EXERCISE BRIEF: Find the line with "giovane coppia in" in the records below. Output exactly from there until after the line with "a man and a", without pictures.

DATA FOR ANALYSIS:
━━━━━━━━━━━━━━━━━━━━━━━━━━━━━━

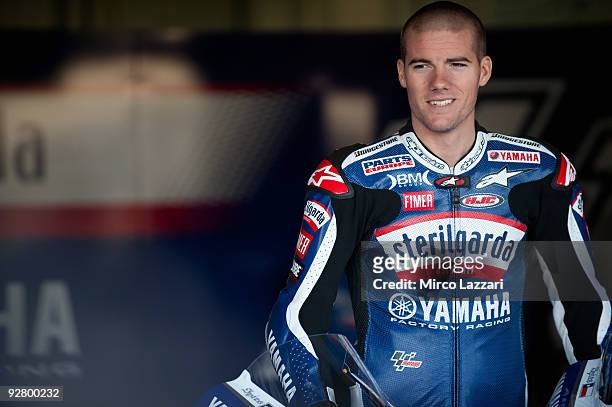 Ben Spies of USA and Yamaha Factory Racing smiles in box during the last round of Comunitat Valenciana Grand Prix MotoGP in the Valencia Circuit on...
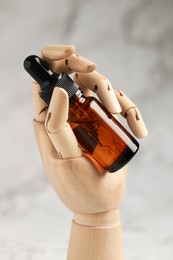 Photo of Bottle of organic cosmetic product in wooden mannequin hand on light marbled background, closeup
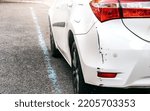 Small photo of Scraped Rear Bumper of a Parked Car as a Result of Poor Judgment or Inattention, Cosmetic Defect Requiring Repair and Insurance Claim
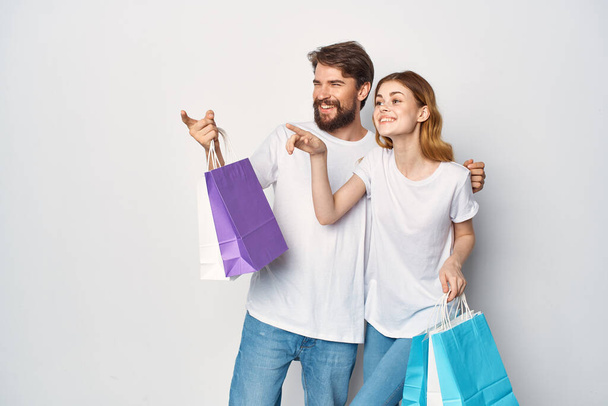 giovane coppia in t-shirt bianche con borse in mano shopping divertimento - Foto, immagini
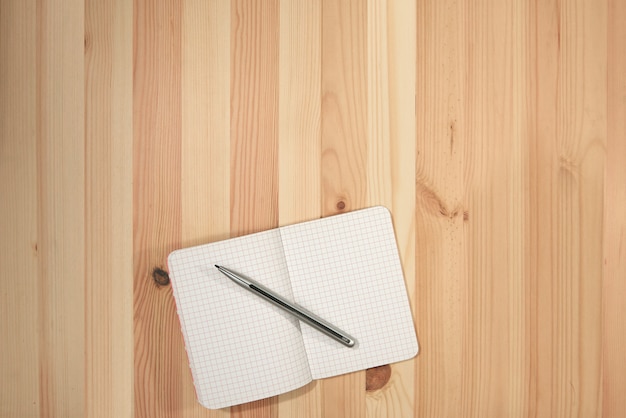 Blank paper notebook on wooden desk with top view for background or backdrop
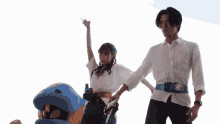 a man and a woman standing next to a stuffed animal with a belt that says ' samurai ' on it
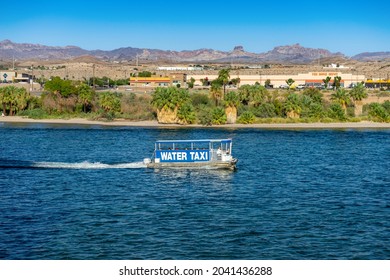 Laughlin, NV, USA – August 27, 2021: A water taxi on the Colorado River travels between casinos in Laughlin, Nevada, with a background view of Bullhead City, Arizona.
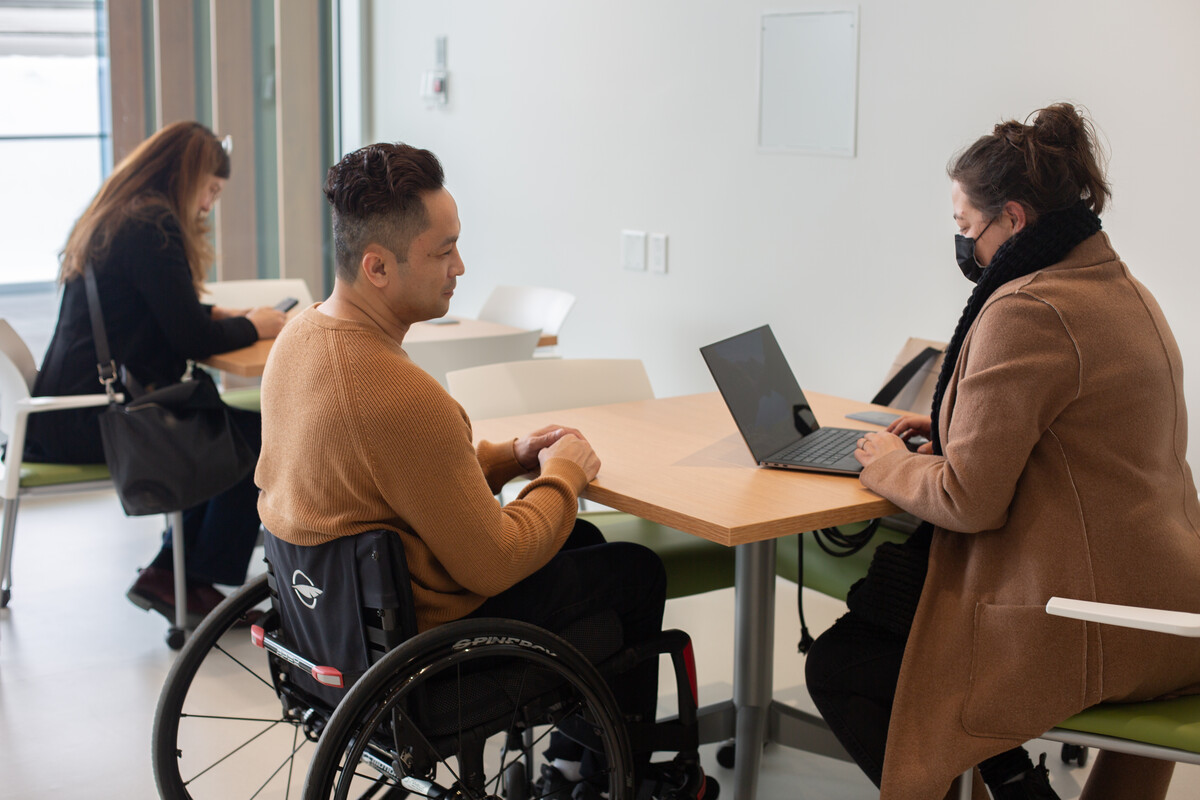 Two people at a table using a laptop. One person is using a wheelchair.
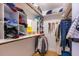 Organized walk-in closet with shelving, hanging racks, and ample storage space at 215 Dungarven Loop, Cary, NC 27513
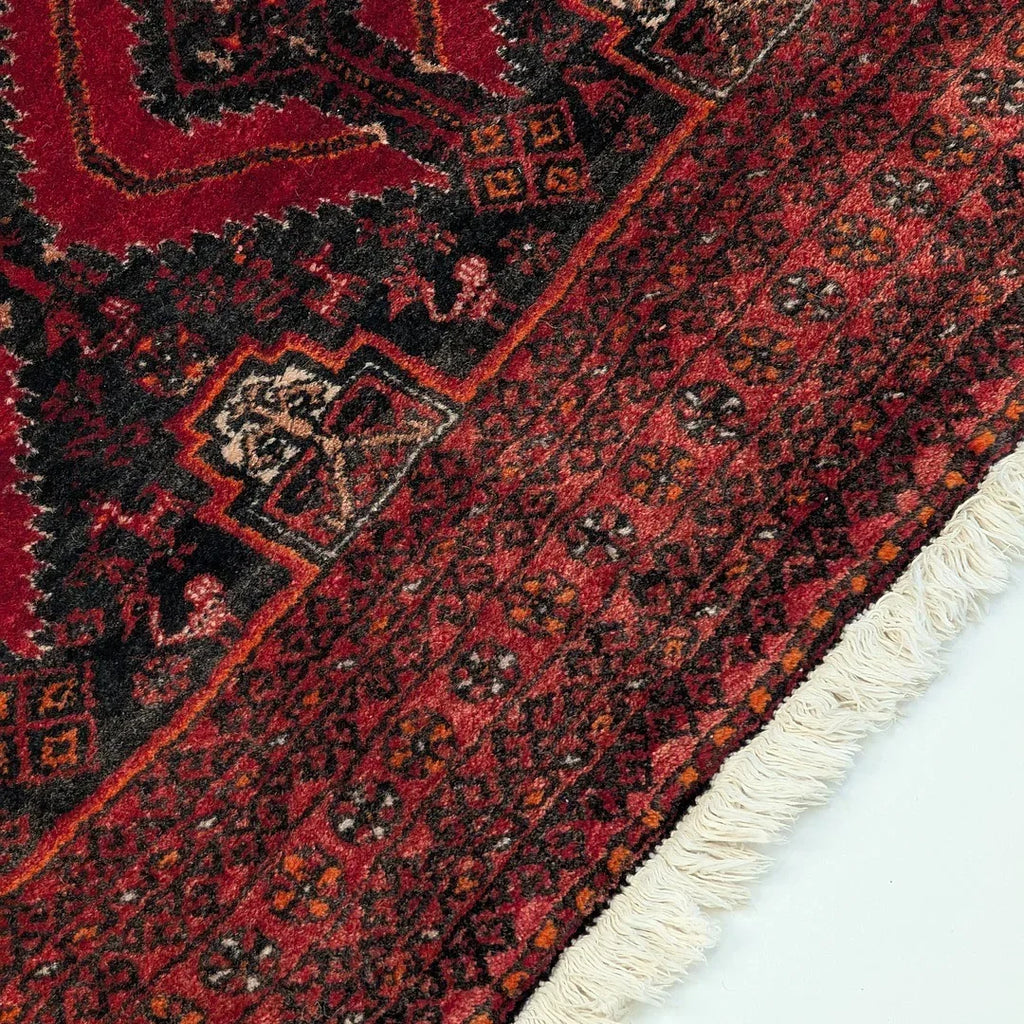 Close-up of a red Persian rug with intricate geometric patterns and white fringe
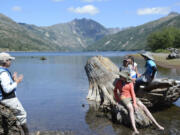 Leaning against a blown-down tree on the banks of Coldwater Lake, Cynthia Gardner, a U.S. Geological Survey research geologist, weaves the story of the May 18, 1980 eruption of Mount St. Helens. Middle school girls settle on a tree stump in the lake listen.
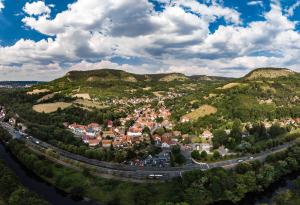 Luftbildaufnahme von Wöllnitz entlang der Saale: Im Vordergrund ist der Fluss, gefolgt von der Schnellstraße Stadtrodaer Straße, gefolgt von der Siedlung mit Häusern, welche sich weit nach hinten ins Gebirge zieht, die Siedlung ist ist umgeben von grünen landwirtschaftlichen Flächen und Wiesen, auf der linken Seite ist der Johannisberg, mittig vom Bild im Hintergrund der Fürstenbrunnen, und links im Bild ist der Ziegenberg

━━━━━━━━━━━━━━━━━━━━━━━━━━━━━━

COMPLETED EXERCISE:
 giovane coppia in t-shirt bianche con borse in mano shopping divertimento - Foto, immagini
 Blank paper notebook on wooden desk with top view for background or backdrop
 a man and a woman standing next to a stuffed animal with a belt that says ' samurai ' on it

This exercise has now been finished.